Moderate Heat Pain is Less Unpleasant After Brief Intense Eccentric Exercise

Acute exercise can reduce sensitivity to painful stimuli, but the role of eccentric actions in this response is unknown. Research has focused on post-exercise changes in pain intensity and less is known about affective aspects of pain. PURPOSE: The aim was to explore the effects of brief, intense non-dominant arm eccentric exercise on affective and sensory aspects of heat pain sensitivity elicited both in dermatomes of the exercised limb (forearm) and those of a non-exercised limb (lower leg). METHODS: Maximal voluntary concentric contraction strength (MVCCS) of the non-dominant elbow flexors was obtained from ten untrained women who then lowered a dumbbell 18 times with their non-dominant arm. The weight lowering involved three sets of 6 reps at intensities equal to MVCCS. The mean (± SD) absolute weight in each set was18.5 (± 5 lbs), 18.5 (± 5 lbs) and 18.3 (± 5 lbs), respectively. Pain ratings using the intensity and unpleasantness forms of the Descriptor Differential Scale (DDS) were made in response to thermal stimuli applied before and immediately after eccentric exercise. A 30 × 30 mm thermode (TSA-II NeuroSensory Analyzer, Medoc) was used to present heat stimuli to the skin for 2 seconds. Thermal stimuli were applied to a total of 12 unique non-dominant limb sites - six volar forearm (3 medial, 3 lateral) and six posterior lower leg sites. Three randomly ordered temperatures (45, 47, & 49 °C) were applied twice to both leg and arm sites. The criterion used for analysis was the mean of two total DDS intensity and DDS affect scores at each temperature. Six women controls were pre- and post-tested under conditions identical to the treatment group except that no eccentric exercise was performed. RESULTS: Treatment [Eccentric Exercise versus Control] × Time [Pre versus Post] ANOVAs, controlling for arm pain intensity during the MVCCS (0-100 visual analog scale), were not significant for the pain intensity responses at the arm or the leg sites. Significant interactions were found for arm (F1,13=4.714, p=.049) and leg (F1,13=7.066, p=.02) affect ratings at 49 °C. Post-hocs showed lower post-test ratings for exercisers (p <.02). CONCLUSION: Intense, short duration arm eccentric exercise can reduce the unpleasantness of moderate intensity heat stimuli applied to the skin of both an exercised arm and a non-exercised leg.
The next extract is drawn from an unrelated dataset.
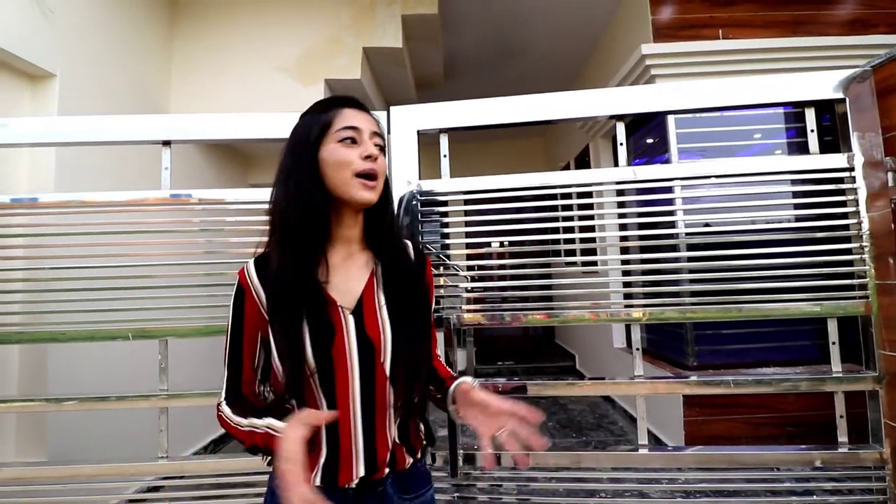Hello everyone! Welcome back to my YouTube channel. First of all, I would like to thank my viewers who have liked my video, share and comment. Today I am going to show you independent houses which is in 109 square yards. The price will be $40,000.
Delayed Effects Of Mildly Injurious Eccentric Exercise On Thermal Pain Perception

Reduced sensitivity to painful stimuli can occur immediately after exercise, but little is known about whether eccentric exercise resulting in muscle damage and delayed onset inflammation and pain alters perceptions of concomitant noxious stimuli. PURPOSE: To explore the delayed effects of eccentric exercise on affective and sensory aspects of heat pain sensitivity. METHODS: Six women controls were pre- and post-tested under conditions identical to the exercise group except that no eccentric exercise was performed. Maximal voluntary concentric contraction strength (MVCCS) of the non-dominant elbow flexors was obtained from 10 untrained women who then lowered a dumbbell 18 times with their non-dominant arm. The weight lowering involved three sets of 6 reps at intensities equal to MVCCS. The eccentric exercise caused a minor arm muscle injury that was apparent 24 to 48 hours post-exercise as inferred from statistically significant reductions in both maximal isometric force at 90 degrees (-32.7%) and elbow range of motion (-7.9%) as well as increases in arm volume (2.5%) and arm pain intensity ratings (0 to 100 scale) from 0 to 21 (< 40 = mild) in response to performing a dumbbell arm curl with 50% of MVCCS. Pain ratings, using the intensity and unpleasantness forms of the Descriptor Differential Scale (DDS), were made in response to thermal stimuli applied before eccentric exercise and 24- and 48-hours later. A 30 × 30 mm thermode (TSA-II NeuroSensory Analyzer, Medoc) was used to present heat stimuli to the skin for 2 seconds. Thermal stimuli were applied to a total of 12 unique non-dominant limb sites - six volar forearm (3 medial, 3 lateral) and six posterior lower leg sites. Three randomly ordered temperatures (45, 47, & 49 degrees C) were applied twice to both leg and arm sites. RESULTS: Treatment (Eccentric Exercise versus Control) × Time (Pre versus Post [mean of 24- & 48-hour data]) ANOVA showed a significant interaction for arm pain intensity ratings at 49 degrees C (F1,14=5.613, p=.033). One-to-two days after exercise, pain intensity was reduced by 11% and differed from the controls at the post-test by 0.47 standard deviations. CONCLUSION: One to two days after injurious eccentric exercise the perceived intensity of moderately painful heat stimuli applied to the skin in the same dermatome of the exercised muscle is reduced.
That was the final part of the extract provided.